Profits are negative or low in the introduction stage. Promotional expenditures are at their highest ratio to sales because of the need to

1. Inform potential consumers,
2. Induce product trial
3. Secure distribution in retail outlets.

Firms focus on those buyers who are the most ready to buy, usually higher-income groups. Prices tend to be high because costs are high. Because it takes time to roll out a new product, work out the technical problem, fill dealer pipelines, and gain consumer acceptance, sales growth tends to be slow at this stage.

Sales of expensive new products such as high-definition TV are slowed by additional factors such as product complexity and fewer potential buyers.

Companies that plan to introduce a new product must decide when to enter the market. To be first can be rewarding, but risky and expensive. To come in later makes sense if the firm can bring superior technology, quality, or brand strength.

Speeding up innovation time is essential in an age of shortening product life cycle. Being early can pay off. One study found that products that came out six months late but on budget earned an average of 33% less profit in their first 5years; product that came out on time but 50% over budget cut their profits by only 4%.

Most studies indicate that the market pioneer gains the most advantage. Companies like Campbell, Coca-Cola, Hallmark, and developed sustained market dominance. Carpenter and Nakamoto found that 19 out of 25 companies who are market leaders in 1923 were still the market leaders in 1983, 60 years later. Robinson and Min found that in a sample of industrial-goods businesses, 66% of pioneers survived at least 10 years, versus 48% of the early followers.

The sources of the pioneer’s advantage are:

Early users recall the pioneer’s brand name if the product satisfies them. The pioneer’s brand also establishes the attributes the product class should posses. The pioneer’s brand normally aims at the middle of the market and so captures more users. Customer inertia also plays a role; and there are producer advantages: economies of scale, technological leadership, patents, ownership of scarce assets, and other barriers to entry. Pioneers can have more effective marketing spending and enjoy higher rates of consumer repeat purchases. An alert pioneer can maintain its leadership indefinitely by pursuing various strategies.

The pioneer advantage, however, is not inevitable.
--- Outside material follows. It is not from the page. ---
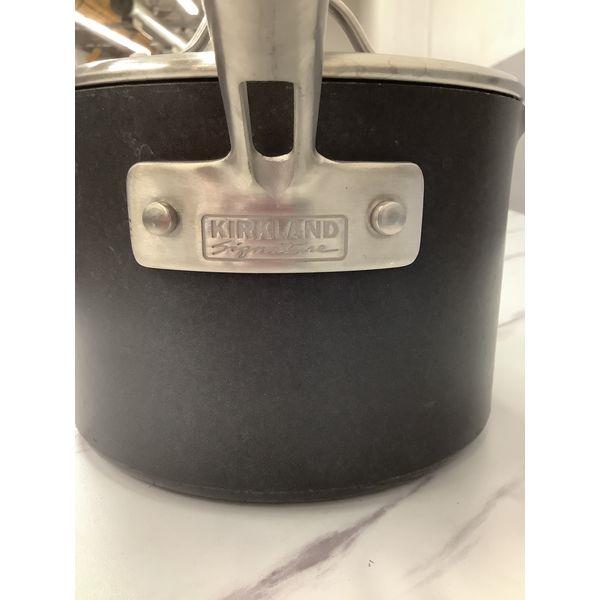 Kirkland Signature Saucepan - Non-stick, Tempered Glass Lid, Stainless Steel Handle, Dark Gray Retail $30.00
Look at the fate of Bowmar (hand calculators), Apple’s Newton (personal digital assistant), Netscape (Web browser), Reynolds (ballpoint pens), and Osborne (portable computers), market pioneers who were overtaken by later entrants.

28 industries were studied by an expert where the imitators surpassed the innovators. He found several weakness among the falling pioneers, including new product that were too crude, were improperly positioned, or appeared before there was strong demand; product-development costs that exhausted the innovator’s resources; a lack of resources to compete against entering larger firms; and managerial incompetence or unhealthy complacency.

Successful imitators thrived by offering lower prices, improving the product more continuously, or using brute market power to overtake the pioneer. None of the companies that now dominate in the manufacture of personal computers—including Dell, GATEWAY, AND Compaq—were first movers.

There are doubts about the pioneer advantage. They distinguish between an inventor (first to develop patents on a new-product category), a product pioneer (first to develop a working model), and a market pioneer (first to sell in the new-product category). They also include non surviving pioneers in their sample. They conclude that although pioneers may still have a advantage, a large number of market pioneers fail than has been reported and a larger number of early market leaders (though not pioneers) succeed.

Examples of later entrants overtaking market pioneers are IBM over Sperry in mainframe computers, Matsushita over Sony in VCRs, and GE over EMI in CAT scan equipment.

The pioneer should visualize the various product markets it could initially, knowing that it cannot enter all of them at once. Suppose market-segmentation analysis revealed, the pioneer should analyze the profit potential of each product market singly and in combination and decide on a market expansion. In a more recent study, the following five factors are identified as underpinning long term market leadership, vision of a mass market, persistence, relentless innovation, financial commitment and asset leverage.